Add cancel cause when client sends RST_STREAM frame #7541

dastrobu · 2024-08-20T13:40:32Z

Use case(s) - what problem will this feature solve?

When a client resets a connection, the http2_server cancels the current context to interrupt all "server internal processing". Relevant code is t.closeStream(s, false, 0, false) and s.cancel().

When there is a big context stack within the server's logic, it can be quite hard to find out why the context was canceled.
Was it due to some internal error? Timeout? Or is it due to a client sending the RST frame?

A real-world problem analysis is described in grafana/tempo#3957.

Proposed Solution

I am proposing to replace context.CancelFunc with context.CancelCauseFunc and adjust all context cancellations to report the cause.

For the example described above, it could be something like this

func (t *http2Server) handleRSTStream(f *http2.RSTStreamFrame) {
	// If the stream is not deleted from the transport's active streams map, then do a regular close stream.
	if s, ok := t.getStream(f); ok {
		t.closeStream(s, false, 0, false, errors.New("RST_STREAM frame received"))
		return
	}

// ... 

func (t *http2Server) closeStream(s *Stream, rst bool, rstCode http2.ErrCode, eosReceived bool, cause error) {
	// In case stream sending and receiving are invoked in separate
	// goroutines (e.g., bi-directional streaming), cancel needs to be
	// called to interrupt the potential blocking on other goroutines.
	s.cancel(cause)

Alternatives Considered

nil

Additional Context

nil

The text was updated successfully, but these errors were encountered:

arjan-bal · 2024-08-21T10:06:22Z

Hi @dastrobu, thanks for submitting this proposal. It seems useful to me, I'm discussing this with other maintainers to see if we want to make this change.

arjan-bal · 2024-08-22T17:29:53Z

@dastrobu are you trying to propagate the reason for context cancellation to service method handlers? If yes, can you describe some use cases in which the handlers would react differently to different causes?

If the cause is not intended for method handlers, can you explain how it will be used?

dastrobu · 2024-08-23T12:22:12Z

@arjan-bal sure, let me try to detail the described use case a bit.

The Grafana Tempo distribute exposes a gRPC API to consume data.
In the handler, the context is propagated and some goroutines do some data processing in parallel.
When one of the goroutines fails (for whatever reason), it cancels the context, which in turn cancels all other goroutines.

In the handler, the error is reported so that operations teams can react to it.
However, the error message is just saying "context canceled". So what happened?

The client sent a RST frame.
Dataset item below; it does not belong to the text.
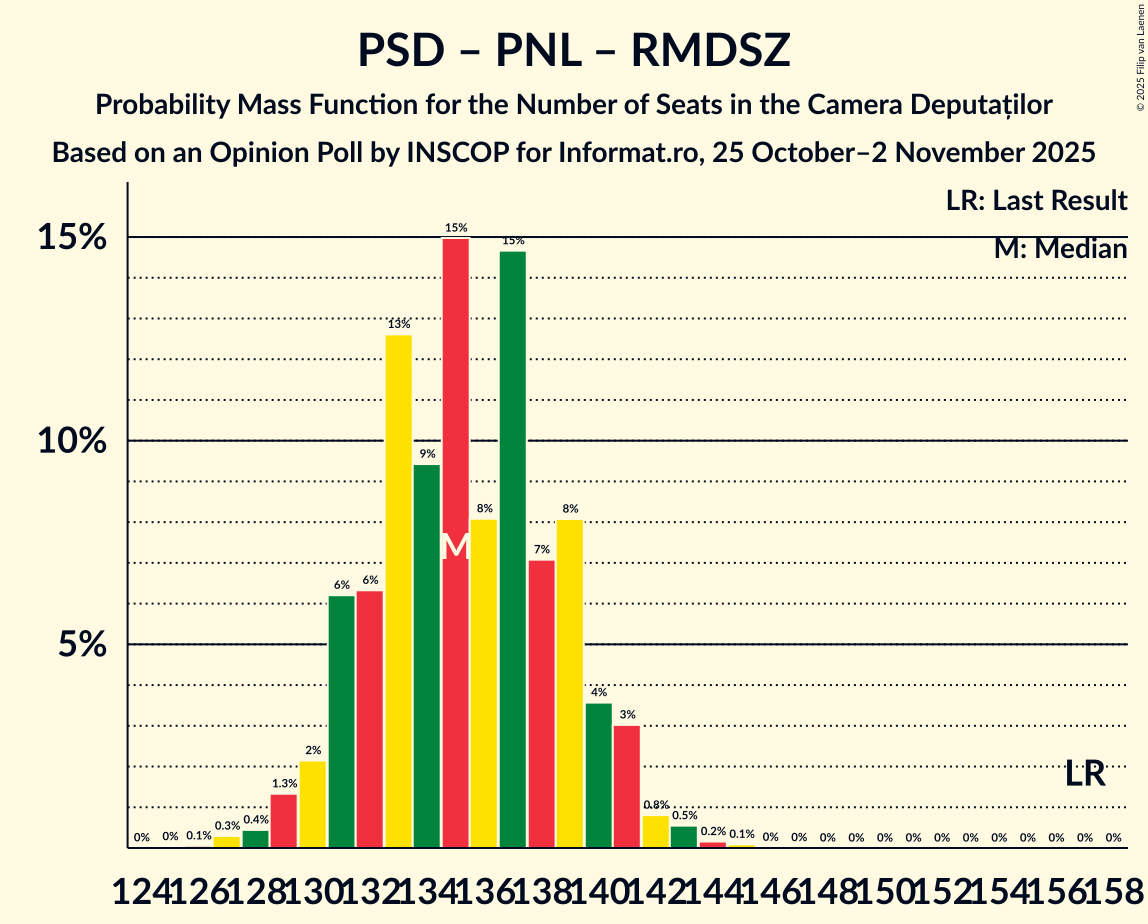 Seats Probability Mass Function Graph with seats probability mass function not yet produced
So the server is behaving correctly. The client may have canceled intentionally or the client is somehow misbehaving.
The server had an internal error and canceled the context. The ops team needs to investigate and fix it.

The proposal would make it transparent if the context cancellation was due to a client or a server error.

To illustrate, I tried to sketch a simplified version of the code:

func handle(ctx context.Context, d []string) {
	err := processData(ctx, d)
	if err != nil {
		fmt.Printf("Error processing data: %v\n", err) // Error processing data: context cancelled
	}
}

func processData(ctx context.Context, d []string) error {
	ctx, cancel := context.WithCancelCause(ctx)
	defer cancel(nil)

	doneChan := make(chan struct{}, 1)
	errChan := make(chan error, 1)

	var wg sync.WaitGroup
	wg.Add(len(d))
	for _, di := range d {
		go func() {
			defer wg.Done()
			err := doStuff(ctx, di)
			if err != nil {
				cancel(err) // interrupt other goroutines
				errChan <- err
				return
			}
		}()
	}

	go func() {
		wg.Wait()
		doneChan <- struct{}{}
	}()

	select {
	case err := <-errChan:
		return err
	case <-doneChan:
		return nil
	case <-ctx.Done():
		return context.Cause(ctx)
	}
}

In the real-world situation described in grafana/tempo#3957, it took us several weeks to find out that context cancellation was actually caused by a misconfigured client.
We did not find the reason until patching the Go SDK to log stack traces of context cancellation.
I would like to avoid this hassle for my team and others in the future, and I think implementing this small feature could contribute a lot.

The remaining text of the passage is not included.